* WHAT TO WORK ON
Skip every picture, and copy exactly the lines from the one containing "Excellent Forestry Investment" to the end of the data.

* GIVEN DATA
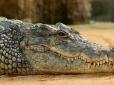 Дуже слухняна та дружня тваринка, яка їсть рис: В індійському храмі живе крокодил-вегетаріанець (фото)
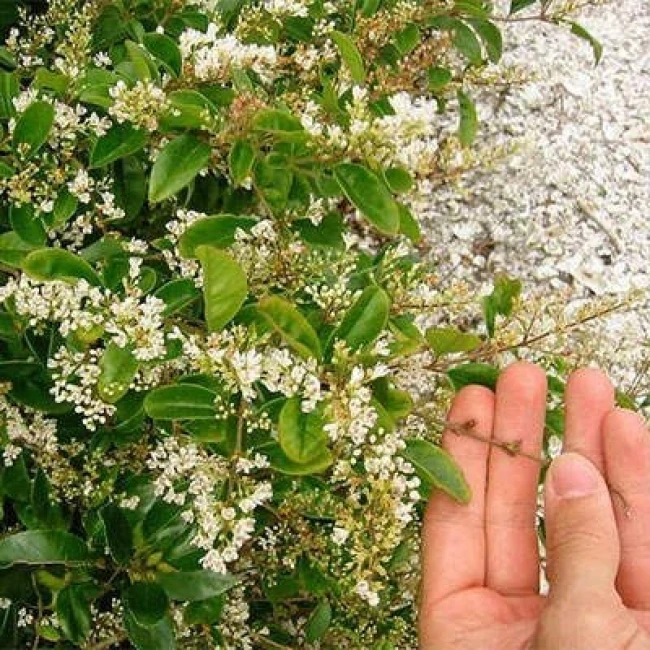 بذر برگ نو چینی 10 عددی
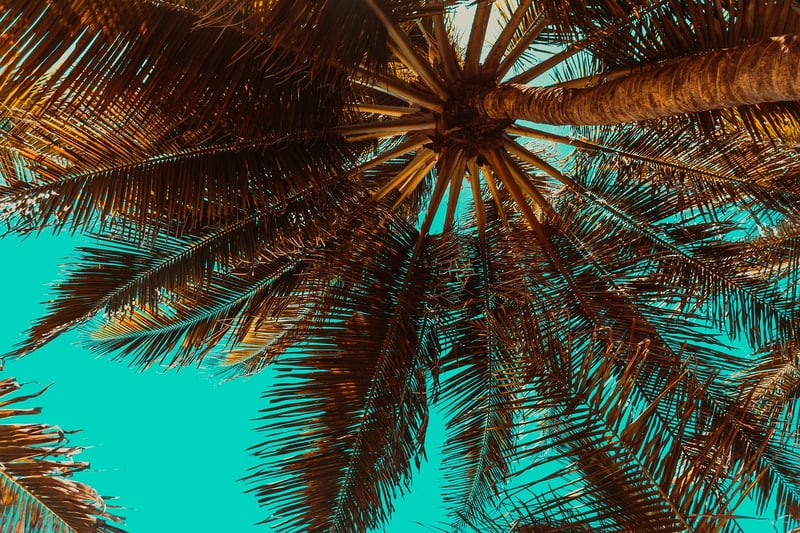 Seychelles Beach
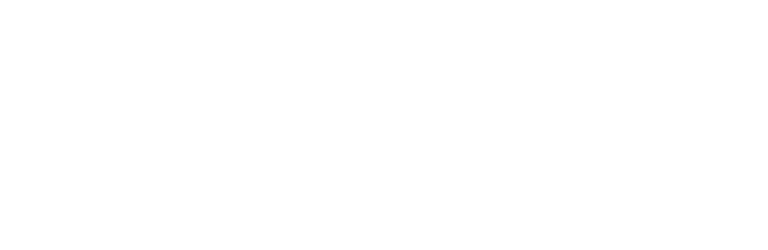 SnuffleSoft logo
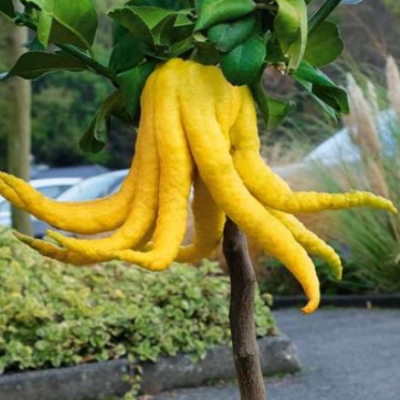 Buddhas Hand "Citrus Medicus"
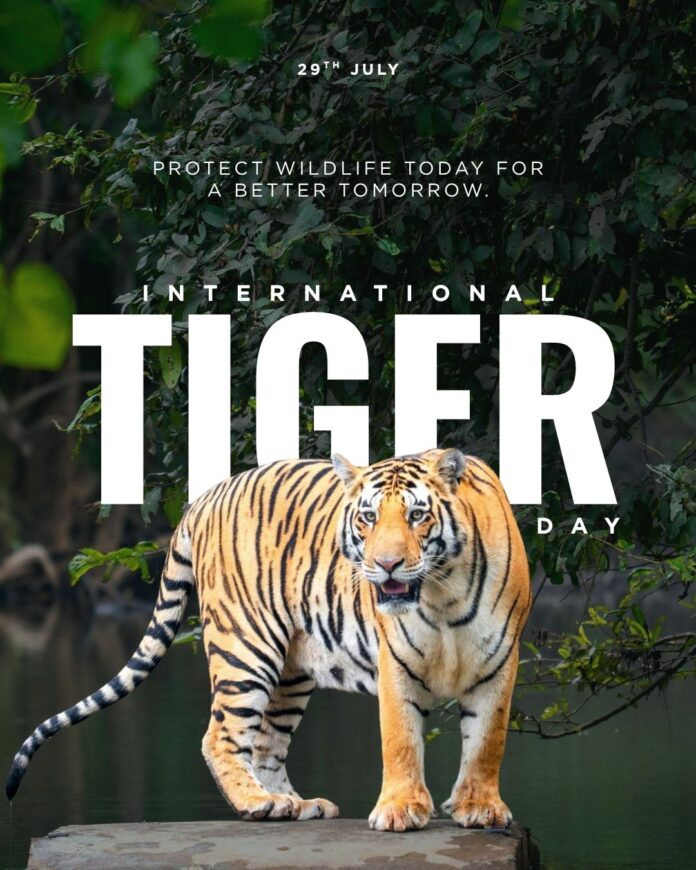 International Tiger Day 2026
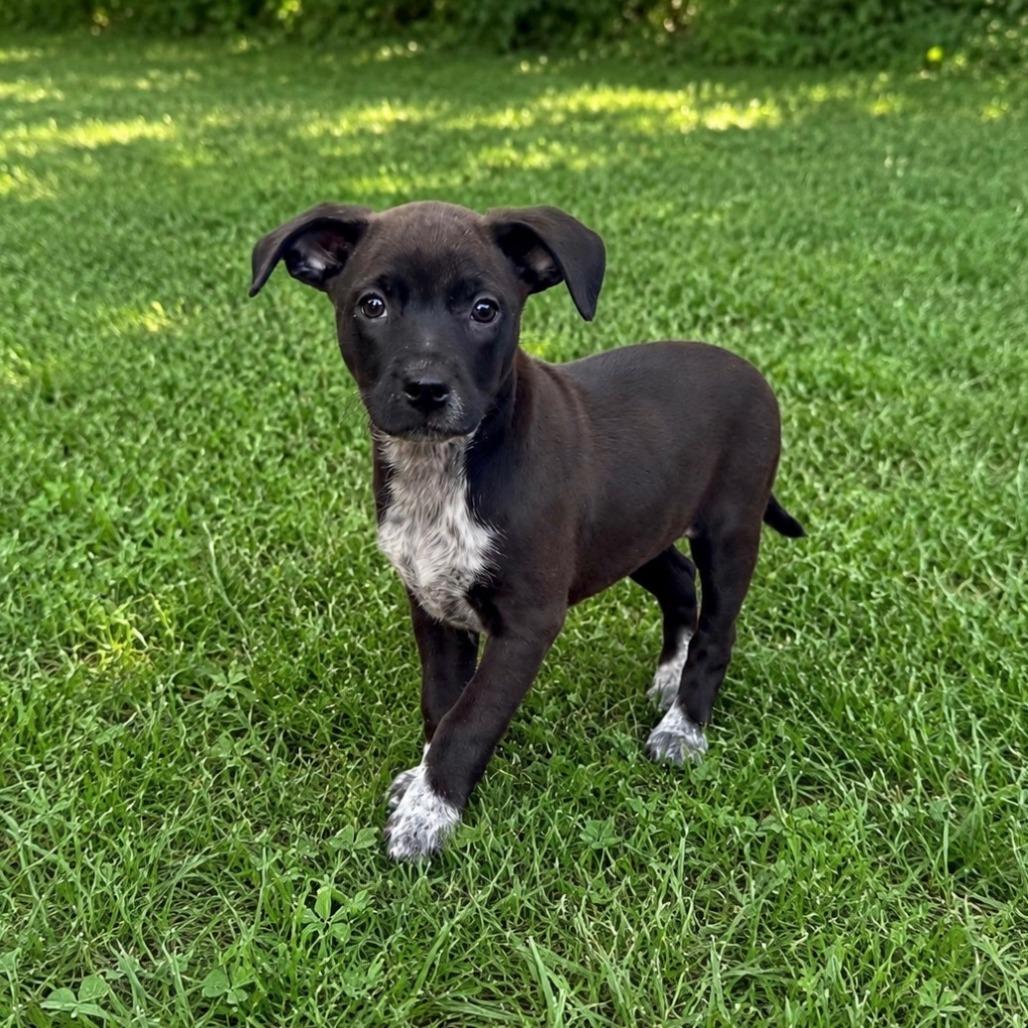 Catniss, Adoptable, Puppy Female Pit Bull Terrier & Mixed Breed.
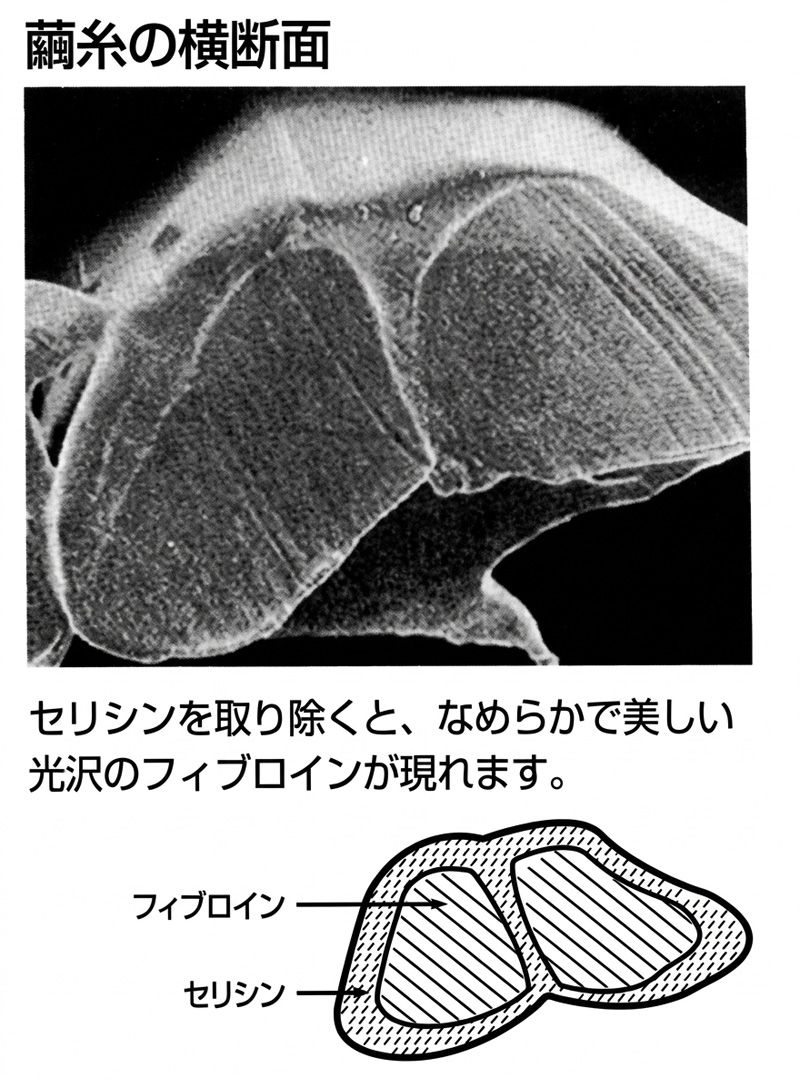 真綿の断面図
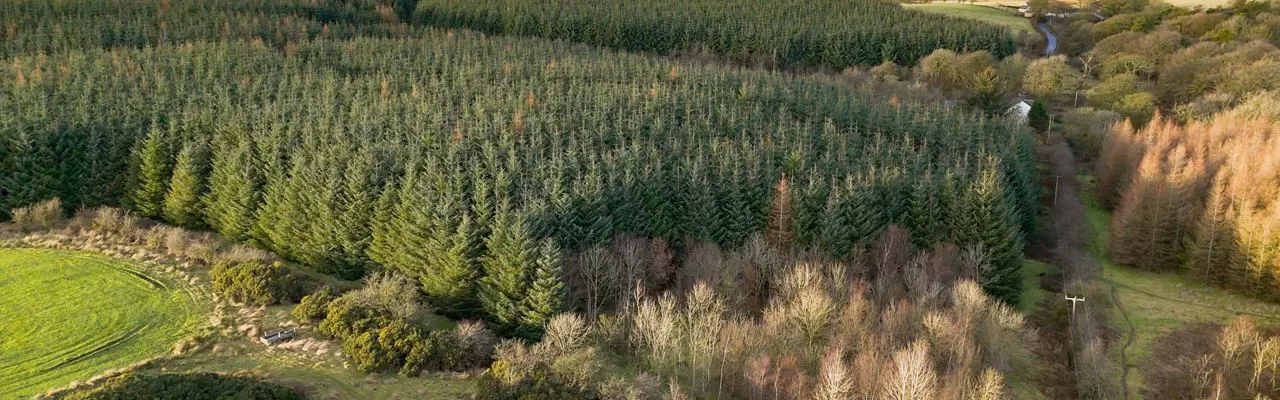 Excellent Forestry Investment Opportunity in Ayrshire: Mosside Wood 1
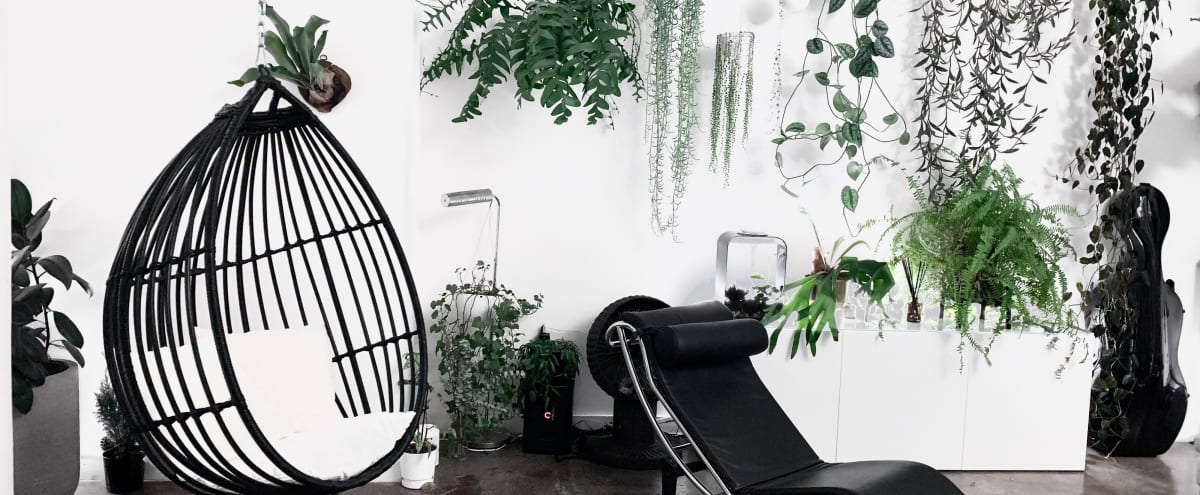 How Much Is A Makeup Holder Loft High Ceiling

* EXERCISE RESPONSE
 Excellent Forestry Investment Opportunity in Ayrshire: Mosside Wood 1
 How Much Is A Makeup Holder Loft High Ceiling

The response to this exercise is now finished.